Only the lines below from the one that contains "Romania Merry Christmas" through the one that contains "CR1686000S, Radiator, engine" should appear in your answer, exact and without pictures.

Segment Start: Material supplied

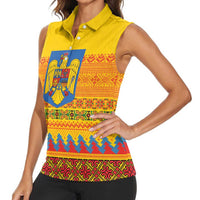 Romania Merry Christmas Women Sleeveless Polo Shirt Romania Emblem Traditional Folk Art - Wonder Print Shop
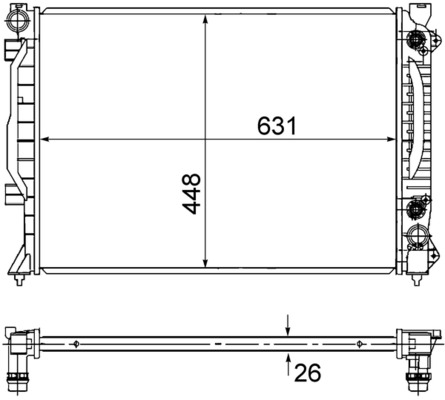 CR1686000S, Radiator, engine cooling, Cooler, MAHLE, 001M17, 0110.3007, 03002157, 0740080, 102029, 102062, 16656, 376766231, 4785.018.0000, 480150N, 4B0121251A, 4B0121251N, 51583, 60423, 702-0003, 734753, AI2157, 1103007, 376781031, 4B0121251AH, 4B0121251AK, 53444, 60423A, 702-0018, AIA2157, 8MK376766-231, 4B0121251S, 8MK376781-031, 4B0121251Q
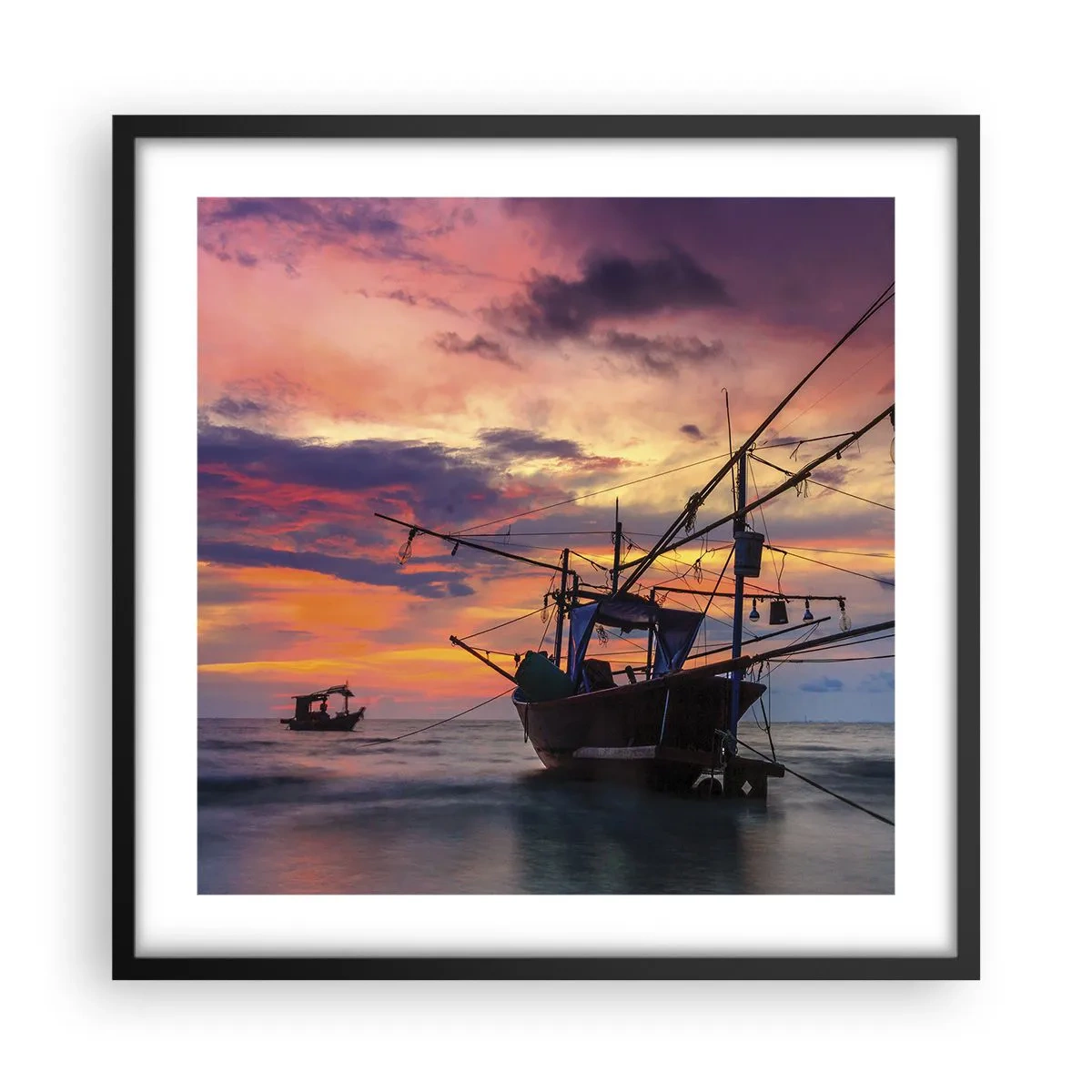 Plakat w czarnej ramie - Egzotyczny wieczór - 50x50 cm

Segment End: Material supplied
Segment Start: Material supplied

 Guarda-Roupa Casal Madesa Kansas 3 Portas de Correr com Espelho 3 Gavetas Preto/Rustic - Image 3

Segment End: Material supplied
Segment Start: Material supplied

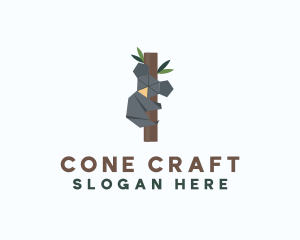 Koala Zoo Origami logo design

Segment End: Material supplied

Result of the task >>
 Romania Merry Christmas Women Sleeveless Polo Shirt Romania Emblem Traditional Folk Art - Wonder Print Shop
 CR1686000S, Radiator, engine cooling, Cooler, MAHLE, 001M17, 0110.3007, 03002157, 0740080, 102029, 102062, 16656, 376766231, 4785.018.0000, 480150N, 4B0121251A, 4B0121251N, 51583, 60423, 702-0003, 734753, AI2157, 1103007, 376781031, 4B0121251AH, 4B0121251AK, 53444, 60423A, 702-0018, AIA2157, 8MK376766-231, 4B0121251S, 8MK376781-031, 4B0121251Q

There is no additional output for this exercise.